United Nations Special Rapporteur on the Right to Food
- In office 2 June 2014 – 1 May 2020

Personal details
- Born: November 29, 1953 (age 72) Istanbul, Turkey
- Alma mater: University of Ankara UCLA

= Hilal Elver =

American professor

Hilal Elver (born November 29, 1953) is a member of the Academic Council of the UN Least Developed Countries (2011–2021) and was the United Nations Special Rapporteur on the Right to Food from June 2, 2014, until May 1, 2020. She is also a research professor at University of California, Santa Barbara and a Global Distinguished Fellow at the Resnick Food Law and Policy Center UCLA Law School.

Her appointment as Special Rapporteur was criticized by the governments of the United States and Canada.

Elver is the author of three books, including The Headscarf Controversy: Secularism and Freedom of Religion (2012) and Peaceful Uses of International Rivers: The Case of the Euphrates and Tigris River Basin (2002).

Elver is married to Richard A. Falk.

==Education==
Elver grew up in a Turkish Muslim family, but no longer practices Islam.

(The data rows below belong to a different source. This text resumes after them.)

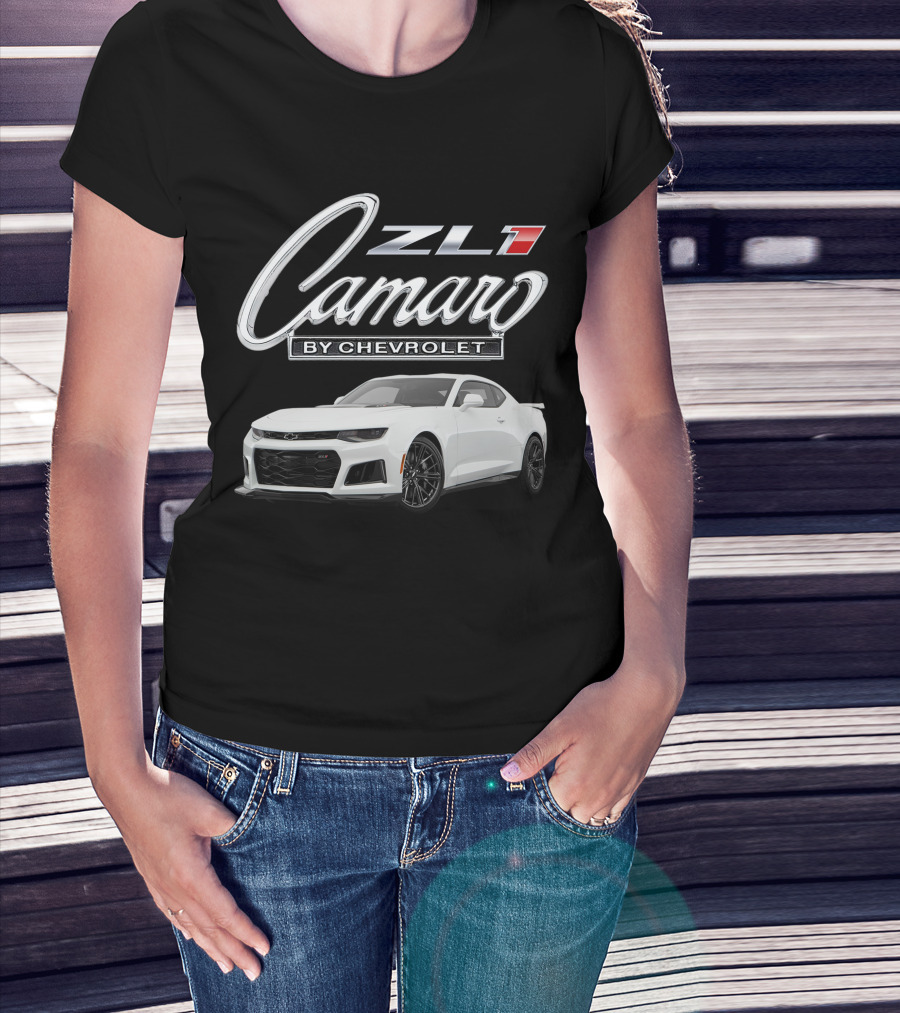 ZL1 Camaro By Chevrolet T-Shirt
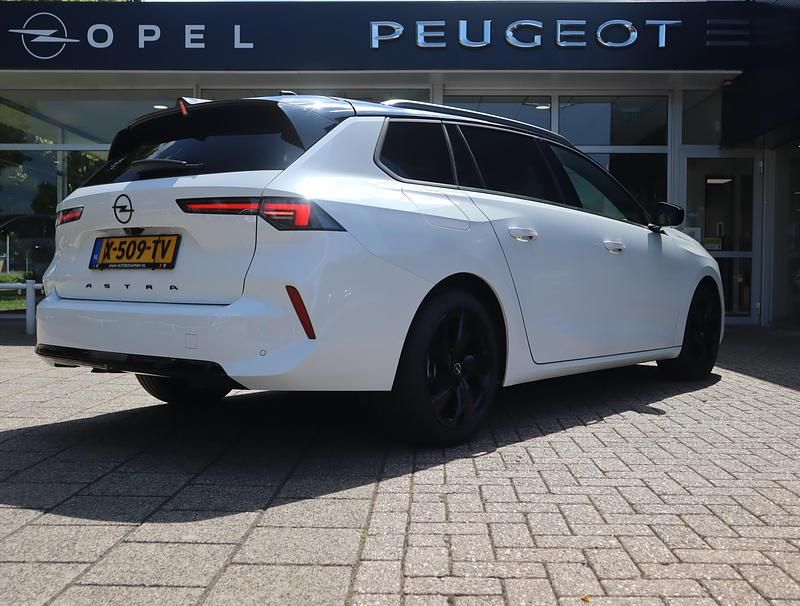Occasion Opel Astra 131 PK (96 kW) 2024 Wit Stationwagen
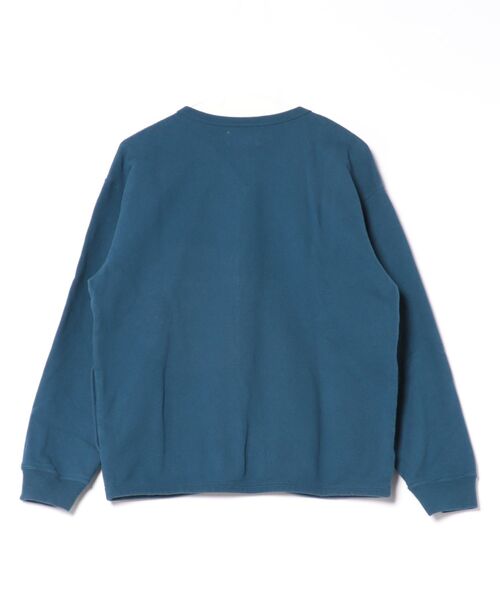 ALMOND(アーモンド)の「PARADISE Japan Quality SWEAT CARDIGAN/ALMOND アーモンド スウェットカーディガン ジップアップ(カーディガン/ボレロ・メンズ・ネイビー/ヘザーグレー・MEDIUM/LARGE/X-LARGE)」の3枚目の写真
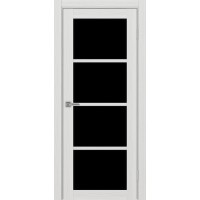 Турин 540.2222, цвет ясень серебристый, заполнение LACчерный, размер 200*80 см.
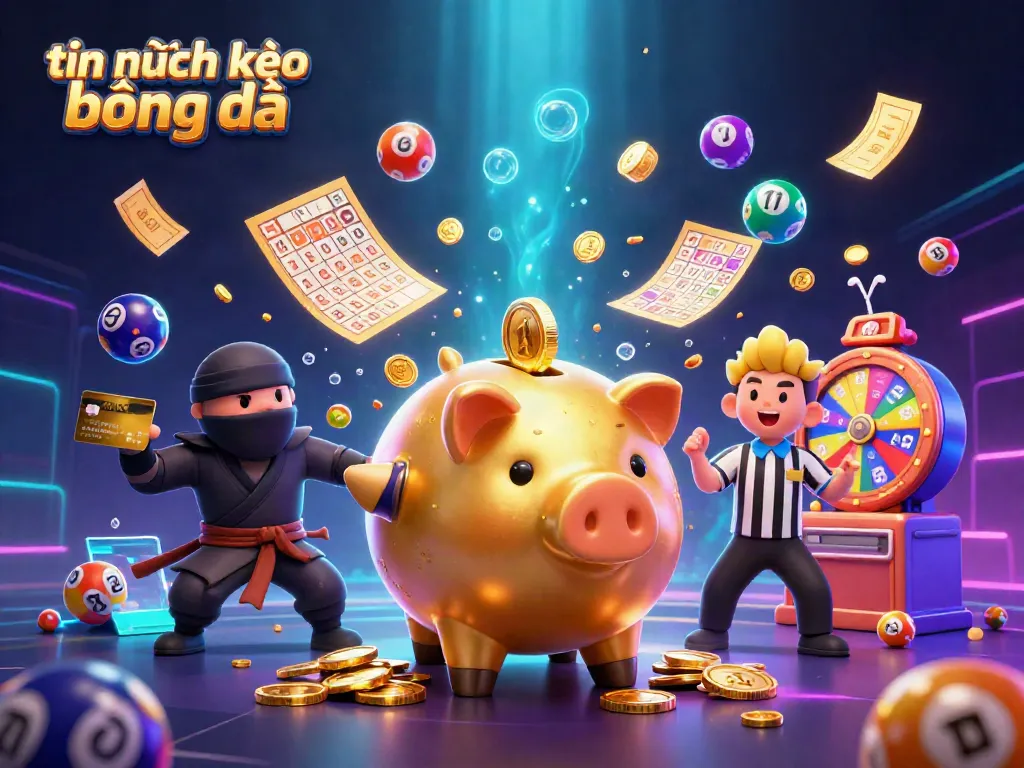 Engage with exciting tin tức kèo bóng đá featuring dynamic characters and vibrant gaming elements.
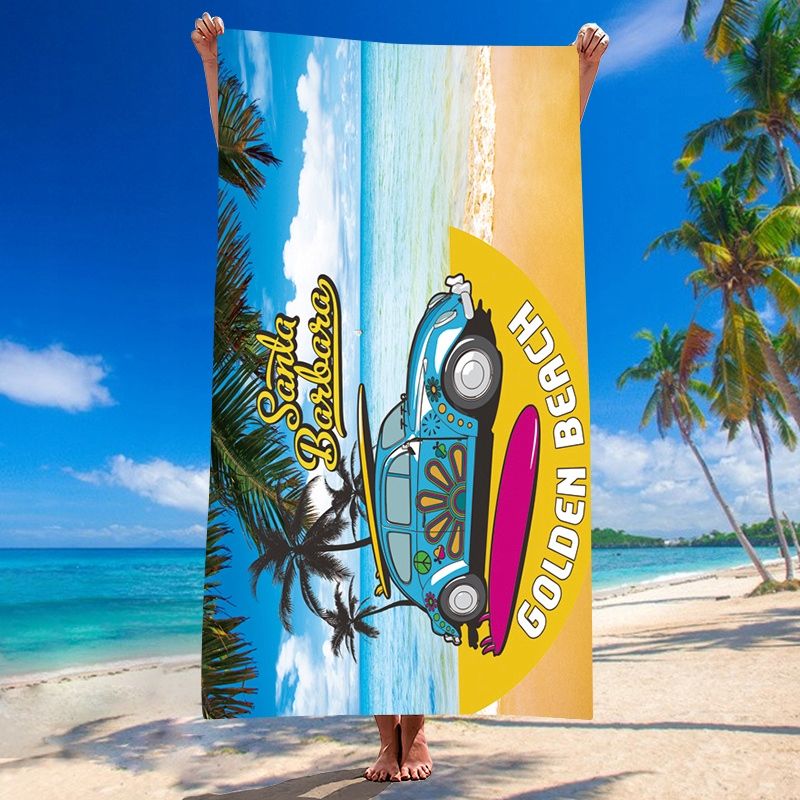 Ręcznik Plażowy Holiday Szybkoschnący 100x180
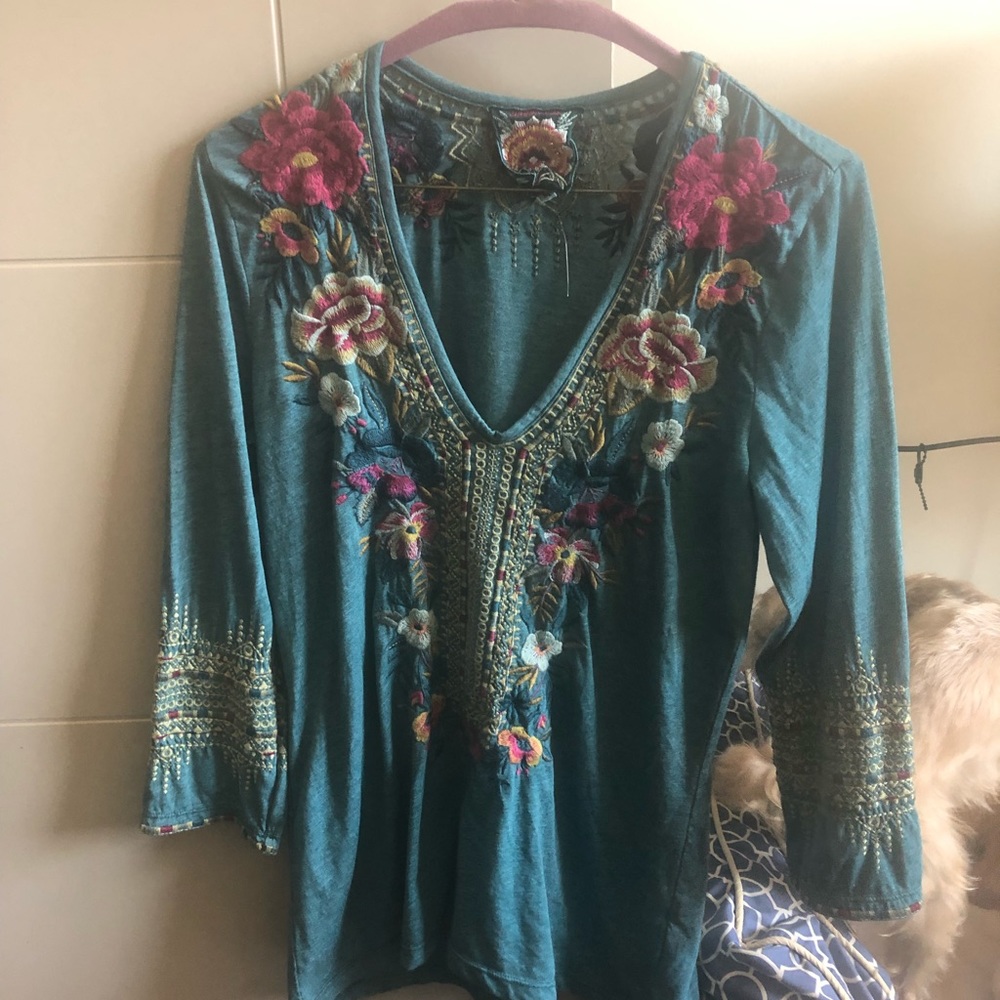 Moroccan Blouse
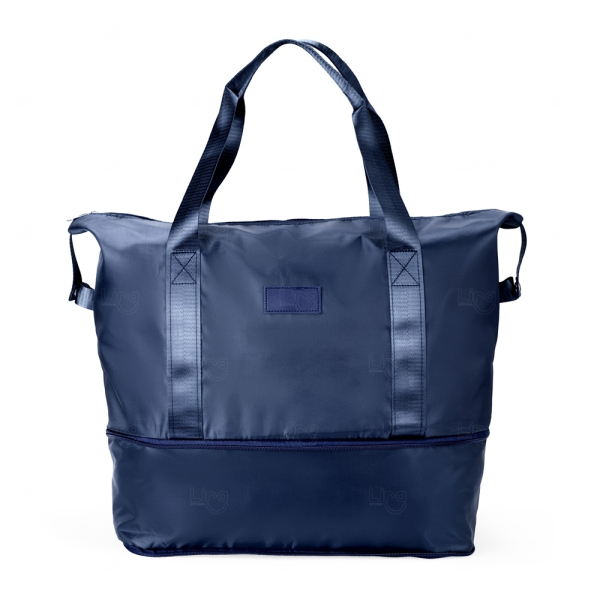 Bolsa Esportiva Expansível em Poliéster Personalizada - 26L 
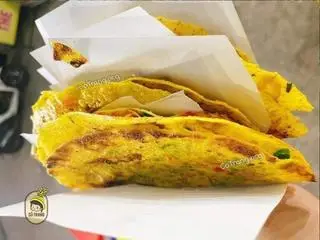 Hình ảnh Bánh Tráng Nướng 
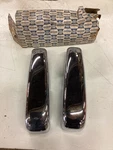 Nos Pair Of Stanpart Front Bumper Guards Overider TR2 TR3 Triumph 700911. Fixed Price $174.99.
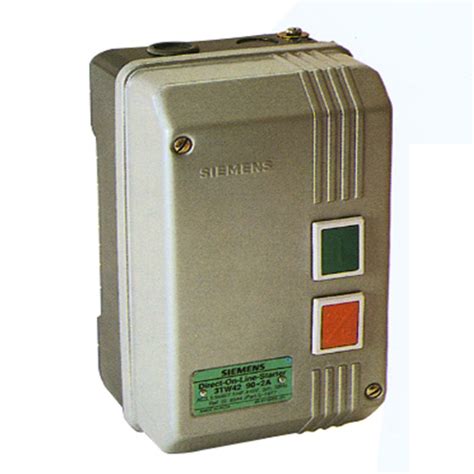 2 Three Phase DOL Starter Siemens Model Name Number 3tw42 90 2a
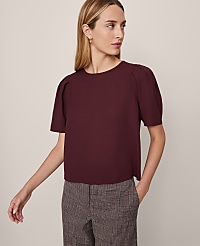 Puff Sleeve Blouse carousel Product Image 1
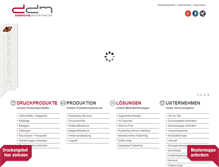 Tablet Screenshot of ddm.de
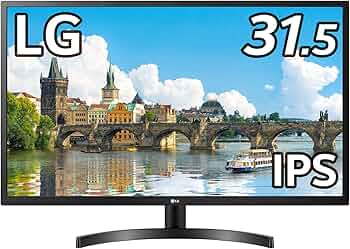 Amazon.co.jp: LG モニター ディスプレイ 32MN50W-B 31.5インチ/フルHD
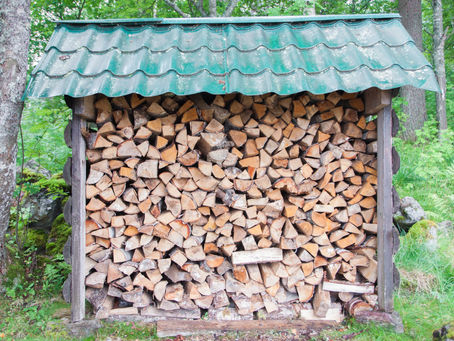 How To Build the Perfect Firewood Shed
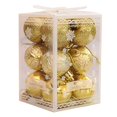 thumbnail image 1 of Christmas Sale! Christmas Baubles 12Pcs Christmas Tree Decoration Ball Small Decoration Shatterproof Ball Suitable For Christmas Hanging Seasonal Decorations, 9 Colors Wedding Party Decoration Home, 1 of 6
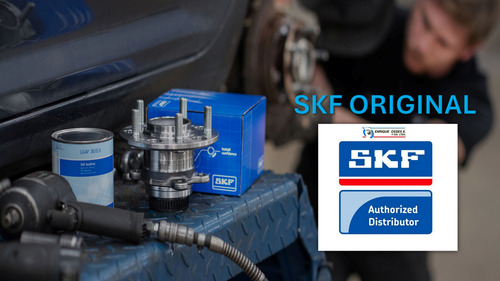 Bah-0106 Rodamiento De Maza Skf C/abs Med: 38.99x72x37 4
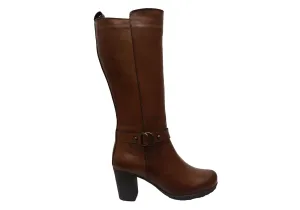 Orizonte Cadby Damen Europäische Bequeme Leder Stiefel Kniehohe Stiefel Orizonte Schuhe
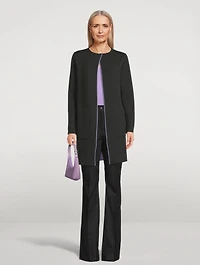 Reversible Cashmere Cardigan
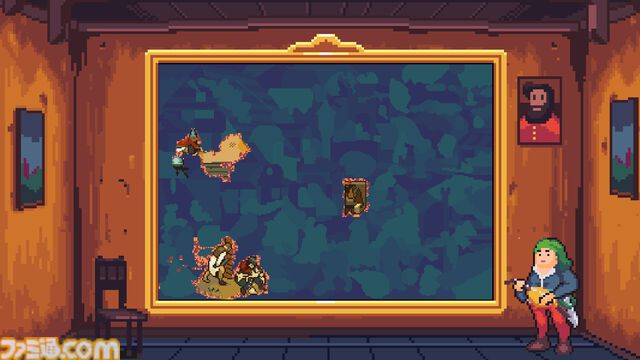 『Proverbs』ピクロス×マインスイーパーの沼パズルが80%オフ（200円）。ブリューゲルの絵画で少し変なことわざを学びつつ地道に色塗り【7/10まで】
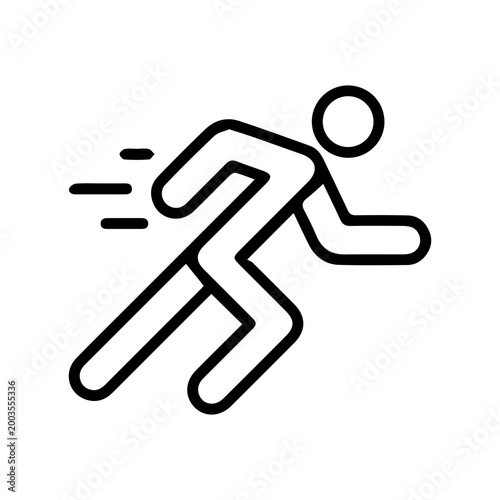 Running icon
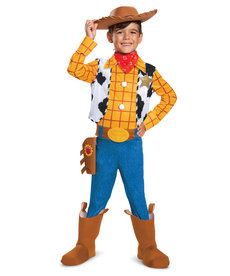 Disguise Costumes Boy's Deluxe Woody Costume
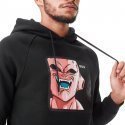 DRAGON BALL Z Sweat à Capuche Homme Coton BUU3 Noir CAPSLAB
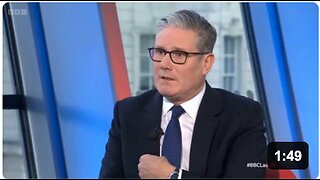 Keir Starmer just referred to Digital IDs as a "live exercise"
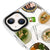 iPhone 15 East Cuisine Telefon Kılıfı - Magsafeli Artycase - Beyaz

Elver graduated from the Faculty of Law at the University of Ankara in 1974. Later, she obtained a Ph.D. in law from the same university in 1985. Elver obtained a S.J.D. at the UCLA School of Law in 2009.

==Publications==
- Reimagining Climate Change, Routledge 2016 (co-editor, Paul Wapner)
- The Headscarf Controversy: Secularism and Freedom of Religion, Oxford University Press, New York, 2012;
- Peaceful Uses of International Rivers: The Case of the Euphrates and Tigris River Basin, New York: Transnational Publishers, 2002;
- Reimagining Climate Change, co-editor with Paul Wapner, Routledge Press, 2016;
- International Human Rights: Critical Perspective, Five Volumes, co-editor with Richard Falk and Lisa Hajjar, U.K.: Routledge, 2008.